* _Task_
All of the data must be written out verbatim, with pictures excluded.

* _Data block_

* * * * * * * * *

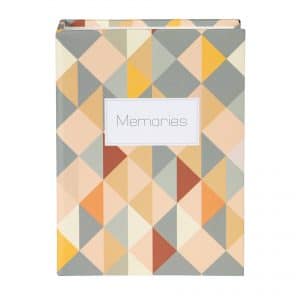 Goldbuch insteekalbum Elements 100 foto’s 10×15 cm Beige goldbuch_17110_I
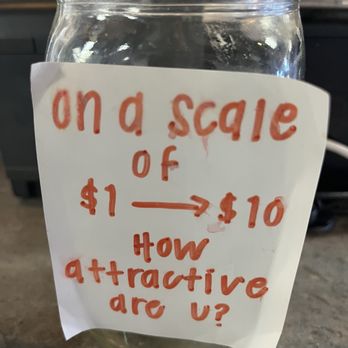 Kaffeine Alley - Funny tip jar - Cafes Near Me - Anaheim, California Kaffeine Alley - Funny tip jar - Cafes Near Me - Anaheim, California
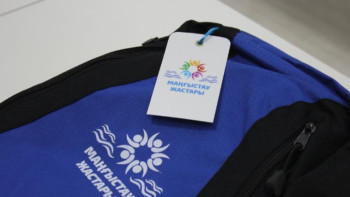 Фотография к новости: Маңғыстаулық жастар қайырымдылық акциясын ұйымдастырды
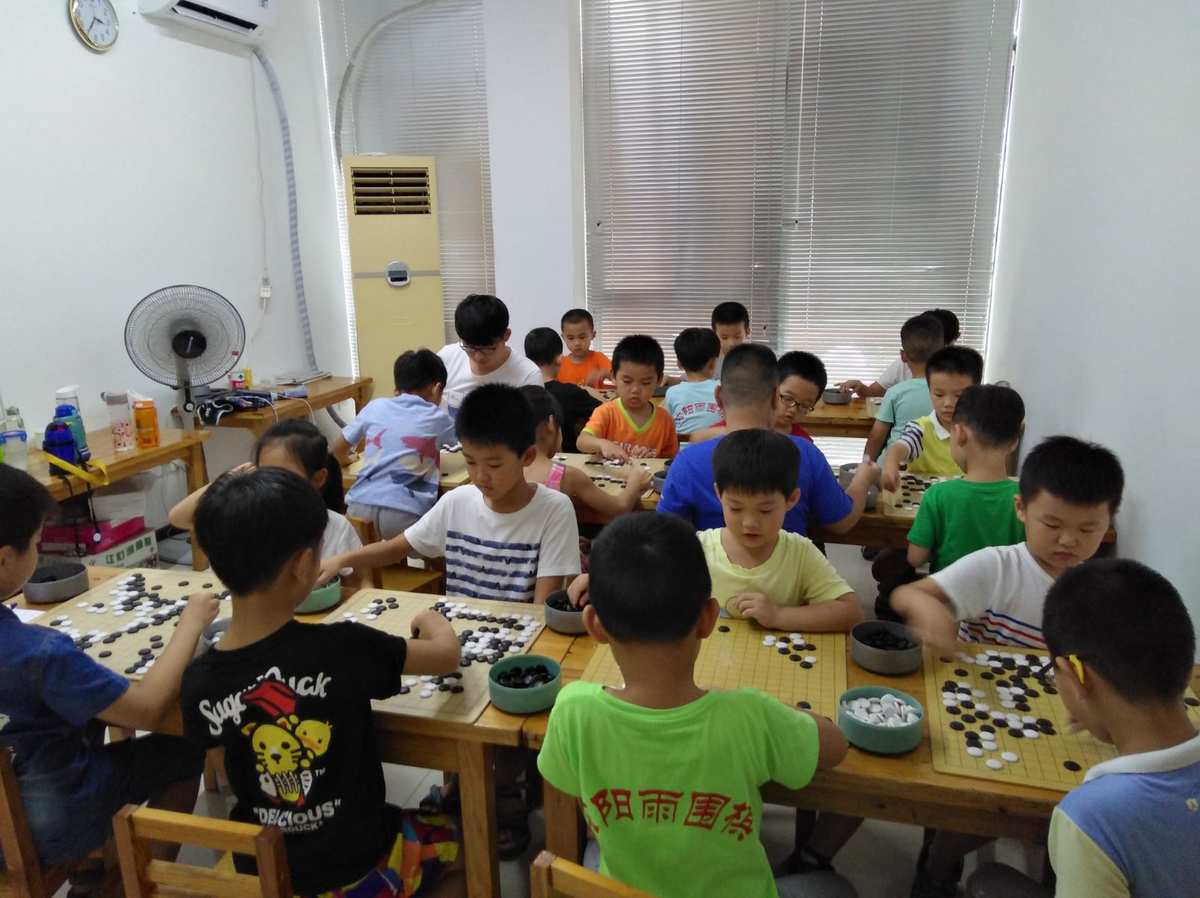 佳弈儿童围棋_佳弈少儿围棋怎么收费_佳弈少儿围棋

* * * * * * * * *

* _Solution below_
 Goldbuch insteekalbum Elements 100 foto’s 10×15 cm Beige goldbuch_17110_I
 Kaffeine Alley - Funny tip jar - Cafes Near Me - Anaheim, California Kaffeine Alley - Funny tip jar - Cafes Near Me - Anaheim, California
 Фотография к новости: Маңғыстаулық жастар қайырымдылық акциясын ұйымдастырды
 佳弈儿童围棋_佳弈少儿围棋怎么收费_佳弈少儿围棋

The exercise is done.